**Exercise objective:**
The required output is the exact run of lines in the listing below from the line holding "LED-kattovalaisin CHARLIE LED/35W/230V" through the line holding "1st FINAL COPA", with no pictures.

**Recorded information:**
╔══
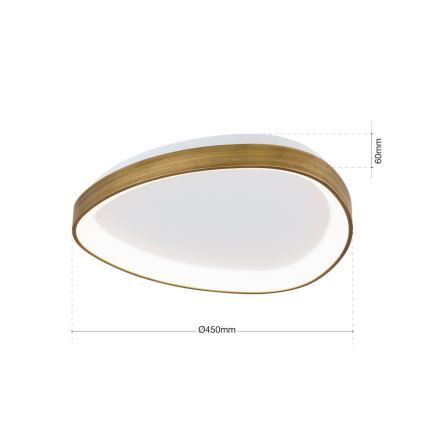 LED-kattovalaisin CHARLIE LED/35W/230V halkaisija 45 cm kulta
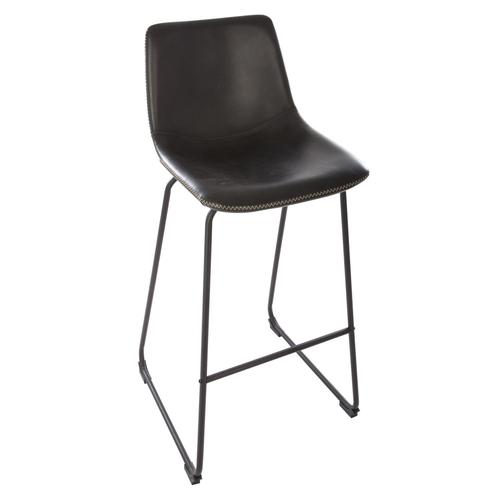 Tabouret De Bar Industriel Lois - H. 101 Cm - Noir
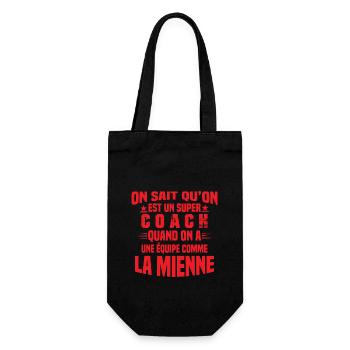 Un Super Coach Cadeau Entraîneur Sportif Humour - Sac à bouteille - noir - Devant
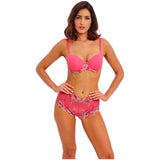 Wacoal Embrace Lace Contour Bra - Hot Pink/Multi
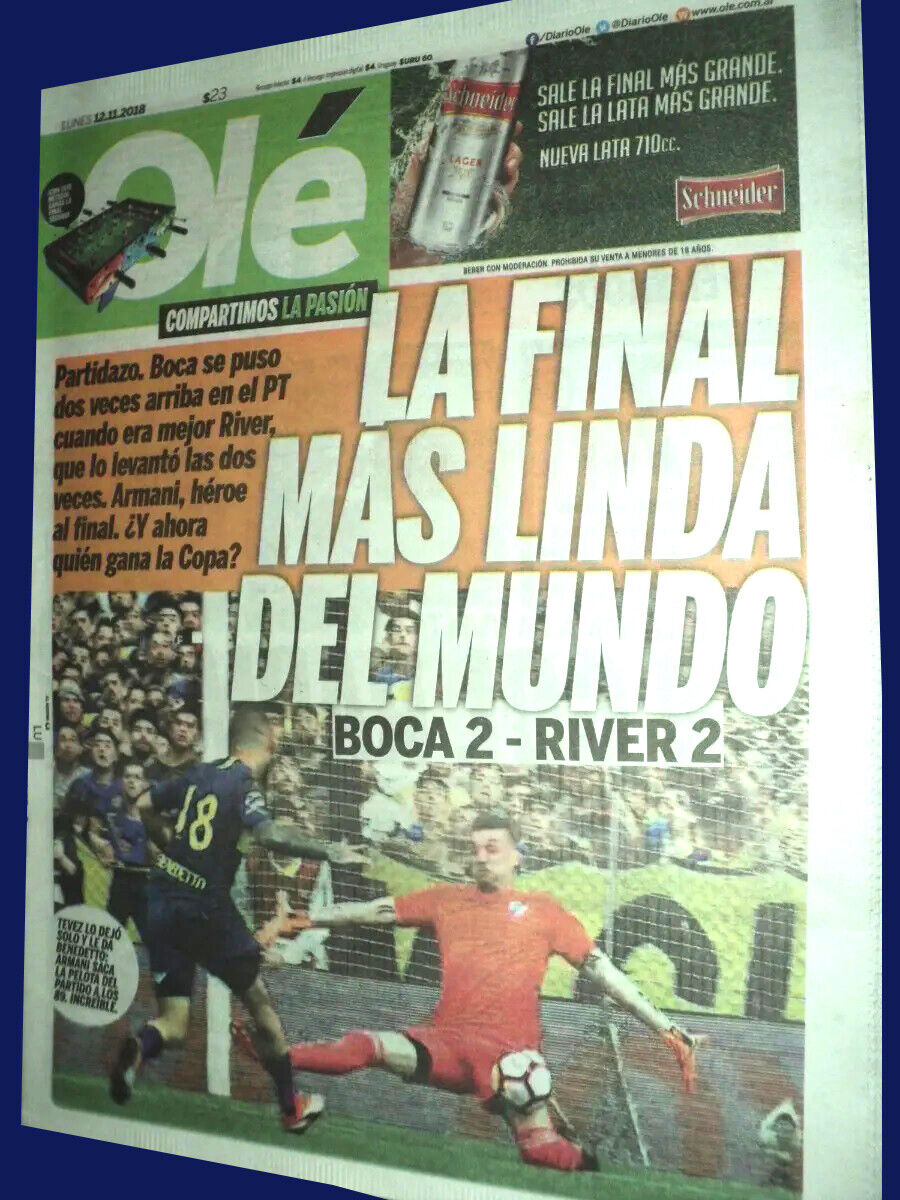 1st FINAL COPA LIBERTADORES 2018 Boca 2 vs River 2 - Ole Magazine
╚══
╔══
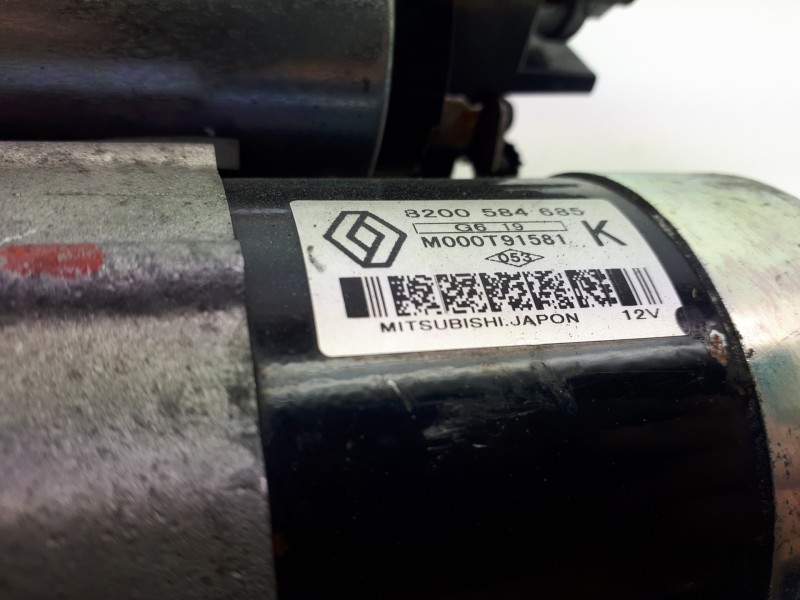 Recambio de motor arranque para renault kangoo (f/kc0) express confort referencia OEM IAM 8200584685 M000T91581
╚══
**Task solution:**
 LED-kattovalaisin CHARLIE LED/35W/230V halkaisija 45 cm kulta
 Tabouret De Bar Industriel Lois - H. 101 Cm - Noir
 Un Super Coach Cadeau Entraîneur Sportif Humour - Sac à bouteille - noir - Devant
 Wacoal Embrace Lace Contour Bra - Hot Pink/Multi
 1st FINAL COPA LIBERTADORES 2018 Boca 2 vs River 2 - Ole Magazine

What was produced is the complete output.